Activity: From the listing below, copy only the lines running from the line that contains "Step 5: Virtual" to the line that contains "Or you can use", both included.

Information provided:
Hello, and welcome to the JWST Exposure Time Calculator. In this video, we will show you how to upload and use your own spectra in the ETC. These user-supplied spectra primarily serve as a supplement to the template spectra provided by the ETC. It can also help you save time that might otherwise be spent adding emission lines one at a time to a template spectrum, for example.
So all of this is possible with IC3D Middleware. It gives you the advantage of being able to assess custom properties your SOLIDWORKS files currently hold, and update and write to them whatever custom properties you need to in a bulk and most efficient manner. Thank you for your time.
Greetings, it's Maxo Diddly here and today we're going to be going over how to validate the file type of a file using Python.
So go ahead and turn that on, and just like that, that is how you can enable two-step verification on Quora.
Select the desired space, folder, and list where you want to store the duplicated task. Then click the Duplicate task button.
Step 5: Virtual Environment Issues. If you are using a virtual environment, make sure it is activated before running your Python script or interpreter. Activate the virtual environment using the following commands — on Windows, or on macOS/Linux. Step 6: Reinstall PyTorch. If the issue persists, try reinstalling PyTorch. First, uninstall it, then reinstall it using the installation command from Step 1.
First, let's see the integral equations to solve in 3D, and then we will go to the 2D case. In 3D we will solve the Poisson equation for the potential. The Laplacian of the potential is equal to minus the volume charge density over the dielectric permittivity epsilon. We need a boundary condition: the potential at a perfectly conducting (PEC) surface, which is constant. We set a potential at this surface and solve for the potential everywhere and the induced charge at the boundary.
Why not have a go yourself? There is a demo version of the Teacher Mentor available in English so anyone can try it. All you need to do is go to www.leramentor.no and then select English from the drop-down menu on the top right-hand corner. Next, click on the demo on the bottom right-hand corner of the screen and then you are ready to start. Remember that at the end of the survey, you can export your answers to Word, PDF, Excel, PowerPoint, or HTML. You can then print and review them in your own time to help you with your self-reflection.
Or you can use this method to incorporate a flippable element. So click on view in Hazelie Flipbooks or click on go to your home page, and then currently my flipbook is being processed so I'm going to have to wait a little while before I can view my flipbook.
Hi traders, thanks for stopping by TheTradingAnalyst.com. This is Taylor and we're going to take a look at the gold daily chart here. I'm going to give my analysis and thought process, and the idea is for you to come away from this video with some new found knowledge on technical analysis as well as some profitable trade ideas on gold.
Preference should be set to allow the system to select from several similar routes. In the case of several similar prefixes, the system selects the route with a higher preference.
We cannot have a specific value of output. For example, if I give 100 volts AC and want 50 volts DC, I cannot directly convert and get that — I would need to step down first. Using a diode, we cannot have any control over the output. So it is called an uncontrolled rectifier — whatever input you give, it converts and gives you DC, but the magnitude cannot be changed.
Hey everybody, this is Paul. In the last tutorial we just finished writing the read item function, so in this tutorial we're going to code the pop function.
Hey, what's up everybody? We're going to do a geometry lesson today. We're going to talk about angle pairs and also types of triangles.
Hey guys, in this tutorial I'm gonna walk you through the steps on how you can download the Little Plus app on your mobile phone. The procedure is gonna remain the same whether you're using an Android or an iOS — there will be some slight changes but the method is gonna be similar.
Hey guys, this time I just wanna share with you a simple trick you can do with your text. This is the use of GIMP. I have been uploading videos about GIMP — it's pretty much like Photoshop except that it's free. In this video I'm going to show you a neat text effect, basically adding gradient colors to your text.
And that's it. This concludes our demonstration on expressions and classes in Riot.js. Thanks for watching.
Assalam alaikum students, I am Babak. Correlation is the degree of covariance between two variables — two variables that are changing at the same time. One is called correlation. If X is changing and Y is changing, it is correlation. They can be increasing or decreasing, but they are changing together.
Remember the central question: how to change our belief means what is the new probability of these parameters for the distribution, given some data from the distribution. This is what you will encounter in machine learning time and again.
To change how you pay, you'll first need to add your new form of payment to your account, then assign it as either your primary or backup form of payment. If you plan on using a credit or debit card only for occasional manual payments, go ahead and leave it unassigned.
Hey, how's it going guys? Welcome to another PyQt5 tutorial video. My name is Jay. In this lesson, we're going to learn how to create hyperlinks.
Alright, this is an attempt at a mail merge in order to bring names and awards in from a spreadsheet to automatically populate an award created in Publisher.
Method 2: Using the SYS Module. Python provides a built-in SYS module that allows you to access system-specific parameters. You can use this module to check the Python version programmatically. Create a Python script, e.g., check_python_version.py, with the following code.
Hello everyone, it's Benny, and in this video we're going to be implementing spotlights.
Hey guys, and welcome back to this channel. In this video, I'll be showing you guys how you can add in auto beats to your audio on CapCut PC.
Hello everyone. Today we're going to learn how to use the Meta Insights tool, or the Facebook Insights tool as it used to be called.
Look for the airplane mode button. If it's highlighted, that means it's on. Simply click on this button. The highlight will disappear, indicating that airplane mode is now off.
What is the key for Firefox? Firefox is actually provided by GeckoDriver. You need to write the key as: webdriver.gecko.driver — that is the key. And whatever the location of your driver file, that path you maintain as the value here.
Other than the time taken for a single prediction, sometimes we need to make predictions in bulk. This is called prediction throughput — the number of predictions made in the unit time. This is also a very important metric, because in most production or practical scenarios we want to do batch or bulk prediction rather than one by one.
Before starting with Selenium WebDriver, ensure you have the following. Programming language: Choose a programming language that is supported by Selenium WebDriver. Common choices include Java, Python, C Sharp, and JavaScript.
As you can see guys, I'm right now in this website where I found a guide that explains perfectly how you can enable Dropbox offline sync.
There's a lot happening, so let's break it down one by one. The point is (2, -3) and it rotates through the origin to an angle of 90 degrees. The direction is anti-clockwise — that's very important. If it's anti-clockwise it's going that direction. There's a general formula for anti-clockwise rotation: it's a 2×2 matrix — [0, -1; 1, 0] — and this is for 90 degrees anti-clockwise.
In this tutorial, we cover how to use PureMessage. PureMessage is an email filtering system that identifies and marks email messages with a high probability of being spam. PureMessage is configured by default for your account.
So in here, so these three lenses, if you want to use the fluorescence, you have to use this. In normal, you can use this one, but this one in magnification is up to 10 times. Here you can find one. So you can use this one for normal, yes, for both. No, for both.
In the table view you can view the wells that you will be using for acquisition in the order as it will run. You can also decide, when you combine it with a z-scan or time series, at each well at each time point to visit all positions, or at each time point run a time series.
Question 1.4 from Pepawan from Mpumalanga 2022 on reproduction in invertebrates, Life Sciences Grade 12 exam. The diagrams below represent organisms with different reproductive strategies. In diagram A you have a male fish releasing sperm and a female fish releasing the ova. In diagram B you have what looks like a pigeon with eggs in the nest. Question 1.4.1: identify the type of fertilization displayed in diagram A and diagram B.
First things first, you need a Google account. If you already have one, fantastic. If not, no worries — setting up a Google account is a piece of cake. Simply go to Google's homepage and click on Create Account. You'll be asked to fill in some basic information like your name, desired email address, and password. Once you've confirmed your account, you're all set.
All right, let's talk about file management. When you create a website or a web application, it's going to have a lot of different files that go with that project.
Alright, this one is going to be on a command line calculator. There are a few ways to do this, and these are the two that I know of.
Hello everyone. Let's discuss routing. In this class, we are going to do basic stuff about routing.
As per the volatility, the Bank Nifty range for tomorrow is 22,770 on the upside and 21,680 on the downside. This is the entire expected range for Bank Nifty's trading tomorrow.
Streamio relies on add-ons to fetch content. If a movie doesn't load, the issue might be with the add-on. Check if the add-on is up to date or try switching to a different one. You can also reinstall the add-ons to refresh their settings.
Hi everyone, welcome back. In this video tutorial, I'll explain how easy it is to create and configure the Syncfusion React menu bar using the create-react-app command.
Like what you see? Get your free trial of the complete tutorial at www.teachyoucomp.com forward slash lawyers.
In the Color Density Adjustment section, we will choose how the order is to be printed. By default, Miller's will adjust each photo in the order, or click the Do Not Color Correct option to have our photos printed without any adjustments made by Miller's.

Response to the exercise:
Step 5: Virtual Environment Issues. If you are using a virtual environment, make sure it is activated before running your Python script or interpreter. Activate the virtual environment using the following commands — on Windows, or on macOS/Linux. Step 6: Reinstall PyTorch. If the issue persists, try reinstalling PyTorch. First, uninstall it, then reinstall it using the installation command from Step 1.
First, let's see the integral equations to solve in 3D, and then we will go to the 2D case. In 3D we will solve the Poisson equation for the potential. The Laplacian of the potential is equal to minus the volume charge density over the dielectric permittivity epsilon. We need a boundary condition: the potential at a perfectly conducting (PEC) surface, which is constant. We set a potential at this surface and solve for the potential everywhere and the induced charge at the boundary.
Why not have a go yourself? There is a demo version of the Teacher Mentor available in English so anyone can try it. All you need to do is go to www.leramentor.no and then select English from the drop-down menu on the top right-hand corner. Next, click on the demo on the bottom right-hand corner of the screen and then you are ready to start. Remember that at the end of the survey, you can export your answers to Word, PDF, Excel, PowerPoint, or HTML. You can then print and review them in your own time to help you with your self-reflection.
Or you can use this method to incorporate a flippable element. So click on view in Hazelie Flipbooks or click on go to your home page, and then currently my flipbook is being processed so I'm going to have to wait a little while before I can view my flipbook.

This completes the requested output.